►

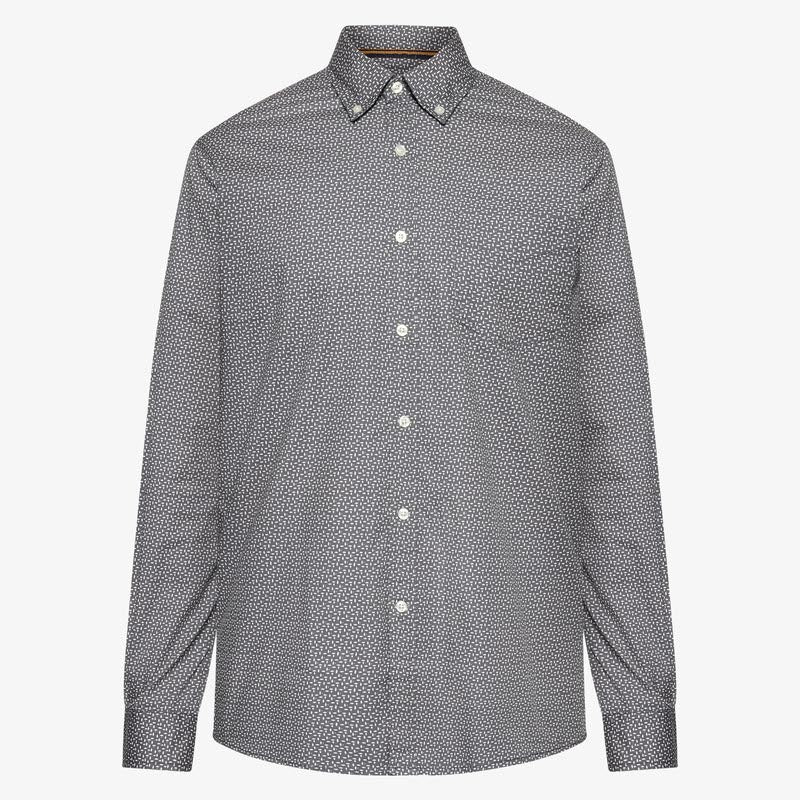 StenSi Print + - Shadow grey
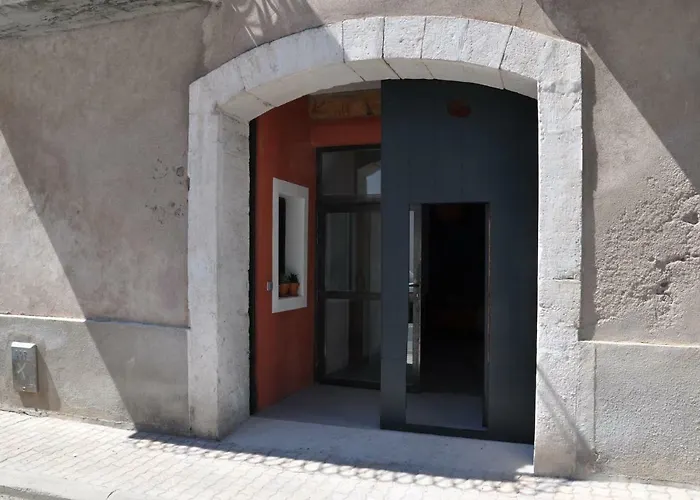 Rouge Pompon Apartmán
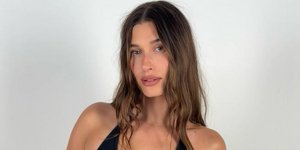 Φωτογραφία Instagram/Hailey Rhode Bieber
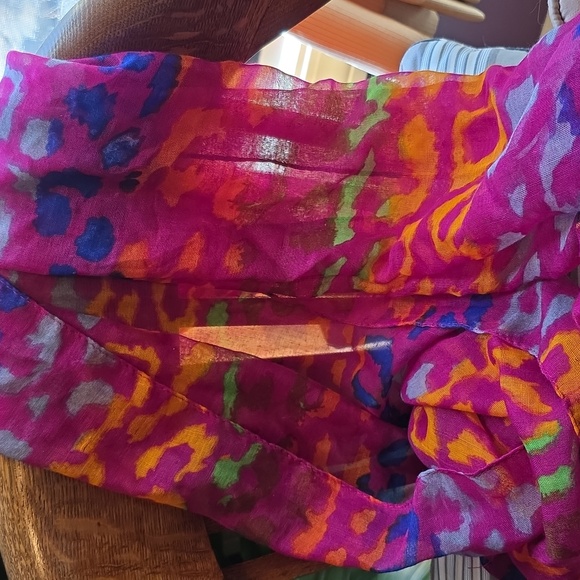 2 for 1!! Wrap/scarf & Pashmina - NWOT - Picture 9 of 12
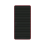 Non-Slip Black NBR Yoga Mat 1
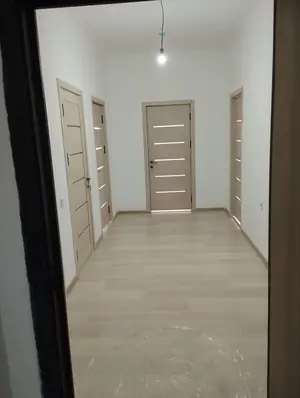 Ijaraga 3 xonali kvartira − 85.3 m²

◄

Exercise:
All of the entries above should be copied exactly, except for the pictures.

The completed task:
 StenSi Print + - Shadow grey
 Rouge Pompon Apartmán
 Φωτογραφία Instagram/Hailey Rhode Bieber
 2 for 1!! Wrap/scarf & Pashmina - NWOT - Picture 9 of 12
 Non-Slip Black NBR Yoga Mat 1
 Ijaraga 3 xonali kvartira − 85.3 m²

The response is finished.